Superficially, at least, Pour Moi has produced the most flamboyant of all the trials. Whereas Carlton House was barely more than efficient in a slowly run Dante Stakes at York, Pour Moi exploded from last to first in the Prix Greffulhe at Saint-Cloud. Of course, that tells you nothing about the substance of the form, nor of the latent improvement in each. But it would be disingenuous to depict Carlton House as the one and only colt with pretensions to being a champion – and one is 6-4, while the other is 6-1.

"I think Pour Moi has the ability to win," Fabre said. "The question was his experience. It was a worry for me that the French type of races would not give him enough preparation. In his previous race, they had walked, and he pulled hard. But in the Greffulhe they went a good pace, he could switch off, and show his true ability."

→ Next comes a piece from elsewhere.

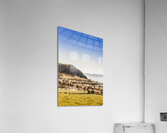 Coastal Tasmanian town Acrylic Print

Another distinguished visitor from overseas was likewise emboldened yesterday to return for a highlight of the Queen's sporting year. Mike Smith, the Hall of Fame jockey, made short work of just two rivals for a maiden at Folkestone on Gentlemans Code, and the pair will now proceed to Royal Ascot next month.

Turf account

Chris McGrath's Nap

Primaeval (4.05 Newmarket) Still not that many miles on the clock, and promised to surpass this kind of mark when giving a couple of others a start over course and distance on his return.

Next best

Paradise Place (5.25 Brighton) Has thrived for a new trainer, winning over this trip on the all-weather and registering better again in defeat in two subsequent starts back on turf.

One to watch

Kitty Wells (Luca Cumani) Is a sister to a St Leger winner in Milan and remains ahead of her revised handicap mark, judged on the way she finished when getting clear on her reappearance at Haydock last week.

Where the money's going

Totesport cut Pour Moi to 11-2 from 13-2 for the Investec Derby after his visit to Epsom yesterday, but also laid the outsiders Ocean War and Masked Marvel, both 20-1 from 25-1.